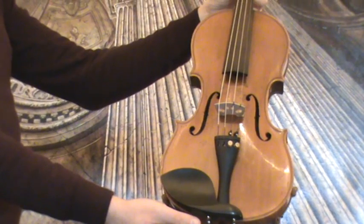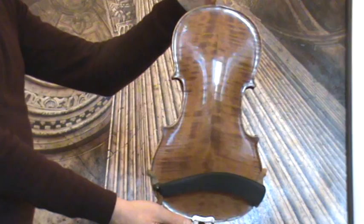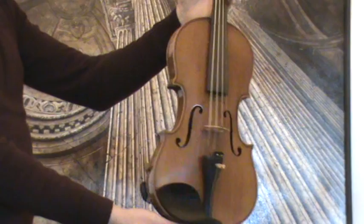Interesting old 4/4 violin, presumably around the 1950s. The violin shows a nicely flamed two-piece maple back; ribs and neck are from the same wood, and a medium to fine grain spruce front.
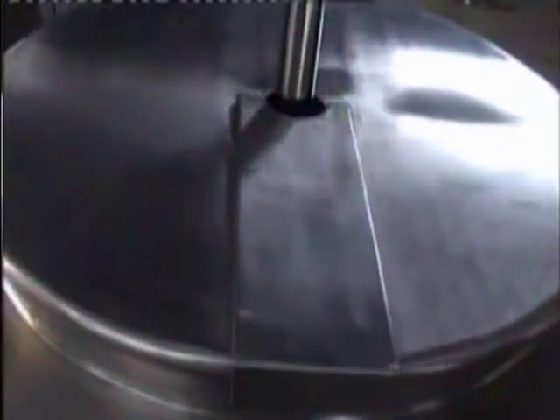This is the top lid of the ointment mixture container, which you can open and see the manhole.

|---|

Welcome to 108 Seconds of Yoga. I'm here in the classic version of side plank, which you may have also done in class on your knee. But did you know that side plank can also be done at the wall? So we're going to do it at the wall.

|---|

● **Activity**
The result should be an exact copy of only the lines above from the one that holds "Interesting old 4/4" through the one that holds "This is the", both ends included, without pictures.

● **Written solution**
Interesting old 4/4 violin, presumably around the 1950s. The violin shows a nicely flamed two-piece maple back; ribs and neck are from the same wood, and a medium to fine grain spruce front.
This is the top lid of the ointment mixture container, which you can open and see the manhole.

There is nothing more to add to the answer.